The advanced technology was thought to be unbreakable due to laws of quantum mechanics that state that quantum mechanical objects cannot be observed or manipulated without being disturbed.

In quantum cryptography, regular information is encrypted and decrypted with a quantum key. Any attempts to copy a quantum cryptographic key in transit will be noticeable as extra noise, and cause the communication to be aborted.

But a research team at Linköping University in Sweden claim that it is possible for an eavesdropper to extract the quantum cryptographic key without being discovered.

“We weren't expecting to find a problem in quantum cryptography, of course, but it is a really complicated system,” said Jan-Åke Larsson, an associate professor of Applied Mathematics at the University.

“The concern involves authentication, intended to secure that the message arriving is the same as the one that was sent,” he explained. “We have scrutinised the system as a whole and found that authentication does not work as intended.”

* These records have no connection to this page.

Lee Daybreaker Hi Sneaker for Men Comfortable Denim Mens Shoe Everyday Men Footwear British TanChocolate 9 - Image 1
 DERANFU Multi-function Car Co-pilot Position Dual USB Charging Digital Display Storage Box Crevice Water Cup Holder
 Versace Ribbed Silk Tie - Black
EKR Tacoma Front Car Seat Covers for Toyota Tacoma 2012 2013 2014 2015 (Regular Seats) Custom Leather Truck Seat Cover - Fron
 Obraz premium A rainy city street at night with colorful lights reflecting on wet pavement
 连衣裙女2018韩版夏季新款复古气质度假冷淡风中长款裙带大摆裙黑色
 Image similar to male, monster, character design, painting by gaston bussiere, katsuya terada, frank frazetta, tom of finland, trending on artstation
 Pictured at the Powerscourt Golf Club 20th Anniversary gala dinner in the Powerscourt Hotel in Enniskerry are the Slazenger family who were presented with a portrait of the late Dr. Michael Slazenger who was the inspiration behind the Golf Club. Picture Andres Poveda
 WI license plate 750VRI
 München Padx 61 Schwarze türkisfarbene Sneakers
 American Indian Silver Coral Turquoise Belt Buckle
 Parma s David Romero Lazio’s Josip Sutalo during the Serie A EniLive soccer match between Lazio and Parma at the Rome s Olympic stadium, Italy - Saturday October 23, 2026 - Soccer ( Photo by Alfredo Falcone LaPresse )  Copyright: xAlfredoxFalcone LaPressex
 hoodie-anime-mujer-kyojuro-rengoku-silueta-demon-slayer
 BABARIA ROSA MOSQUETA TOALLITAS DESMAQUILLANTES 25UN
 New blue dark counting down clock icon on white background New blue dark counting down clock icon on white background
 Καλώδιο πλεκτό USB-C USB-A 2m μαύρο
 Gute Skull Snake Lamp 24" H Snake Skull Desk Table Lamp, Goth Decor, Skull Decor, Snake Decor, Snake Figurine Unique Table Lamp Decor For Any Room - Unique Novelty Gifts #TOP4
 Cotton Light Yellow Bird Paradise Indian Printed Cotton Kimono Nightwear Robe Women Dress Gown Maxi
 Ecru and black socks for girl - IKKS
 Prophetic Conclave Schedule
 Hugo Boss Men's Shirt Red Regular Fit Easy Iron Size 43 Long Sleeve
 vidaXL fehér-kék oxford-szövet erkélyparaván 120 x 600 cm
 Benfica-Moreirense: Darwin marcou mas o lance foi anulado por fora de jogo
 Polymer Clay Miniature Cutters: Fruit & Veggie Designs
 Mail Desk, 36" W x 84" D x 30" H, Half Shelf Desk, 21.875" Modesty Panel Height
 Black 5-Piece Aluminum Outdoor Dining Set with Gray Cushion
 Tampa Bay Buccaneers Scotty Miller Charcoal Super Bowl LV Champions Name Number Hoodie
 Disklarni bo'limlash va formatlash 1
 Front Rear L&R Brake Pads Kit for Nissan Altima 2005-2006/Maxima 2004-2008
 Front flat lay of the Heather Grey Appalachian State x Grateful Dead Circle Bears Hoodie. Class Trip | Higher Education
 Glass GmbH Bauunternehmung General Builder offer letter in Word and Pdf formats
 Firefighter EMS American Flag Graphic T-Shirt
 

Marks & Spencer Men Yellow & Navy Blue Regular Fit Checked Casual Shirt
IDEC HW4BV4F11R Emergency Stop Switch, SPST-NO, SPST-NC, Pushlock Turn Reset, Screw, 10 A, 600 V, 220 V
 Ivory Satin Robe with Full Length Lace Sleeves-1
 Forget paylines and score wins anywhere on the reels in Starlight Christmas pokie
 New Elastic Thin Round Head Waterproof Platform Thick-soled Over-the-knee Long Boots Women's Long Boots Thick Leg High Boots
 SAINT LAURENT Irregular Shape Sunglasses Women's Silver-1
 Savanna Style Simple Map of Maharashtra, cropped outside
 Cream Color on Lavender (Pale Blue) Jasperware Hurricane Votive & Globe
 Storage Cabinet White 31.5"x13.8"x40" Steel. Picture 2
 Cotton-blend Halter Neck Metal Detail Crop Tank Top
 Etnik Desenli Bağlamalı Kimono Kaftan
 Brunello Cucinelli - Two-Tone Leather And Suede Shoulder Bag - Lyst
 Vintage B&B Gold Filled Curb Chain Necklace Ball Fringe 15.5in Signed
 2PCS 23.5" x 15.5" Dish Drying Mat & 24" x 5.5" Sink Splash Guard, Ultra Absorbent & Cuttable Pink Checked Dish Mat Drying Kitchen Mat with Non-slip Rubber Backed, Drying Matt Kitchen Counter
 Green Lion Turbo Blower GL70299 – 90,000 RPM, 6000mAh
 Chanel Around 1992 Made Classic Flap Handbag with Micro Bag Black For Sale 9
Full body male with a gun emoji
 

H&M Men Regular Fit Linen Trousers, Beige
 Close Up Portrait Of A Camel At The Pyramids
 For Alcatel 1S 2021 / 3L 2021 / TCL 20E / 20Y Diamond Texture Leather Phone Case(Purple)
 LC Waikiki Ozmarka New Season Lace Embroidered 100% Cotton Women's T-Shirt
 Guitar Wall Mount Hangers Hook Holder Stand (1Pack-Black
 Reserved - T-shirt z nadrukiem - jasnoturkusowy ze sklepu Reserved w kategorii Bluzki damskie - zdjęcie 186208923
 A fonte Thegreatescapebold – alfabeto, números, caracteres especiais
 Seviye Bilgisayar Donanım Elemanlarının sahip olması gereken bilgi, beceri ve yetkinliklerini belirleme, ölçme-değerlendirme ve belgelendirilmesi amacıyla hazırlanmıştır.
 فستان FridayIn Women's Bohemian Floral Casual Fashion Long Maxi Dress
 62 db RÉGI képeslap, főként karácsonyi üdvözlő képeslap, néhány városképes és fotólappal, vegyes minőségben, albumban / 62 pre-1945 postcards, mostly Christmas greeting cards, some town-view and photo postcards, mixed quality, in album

“The security of the current technology is not sufficient,” he said.

The currently-used Wegman-Carter authentication protocol requires users to share the key initially, before the quantum cryptographic channel is set up. This key is used to generate future quantum cryptographic keys.

By simultaneously manipulating the initial key and the regular message to be authenticated, an eavesdropper may compromise the security of quantum cryptographic authentication, the researchers suggest.

In a research paper, published in the International engineering journal IEEE Transactions on Information Theory, Larsson and his postgraduate student Jörgen Cederlöf have proposed a change in the quantum cryptography process that he expects will restore the security of the technology.

The researchers propose an additional, non-quantum exchange of a small amount of random bits that are separate from the quantum key. The modification is not expected to produce noticeable degradations in the performance of a quantum cryptography system.

While the researchers note that it is difficult to exploit the recently-exposed security gap, Larsson recommends usage of the modification, or an equivalent extra security measure in quantum cryptography.

“With our alteration, quantum cryptography will be a secure technology,” he said.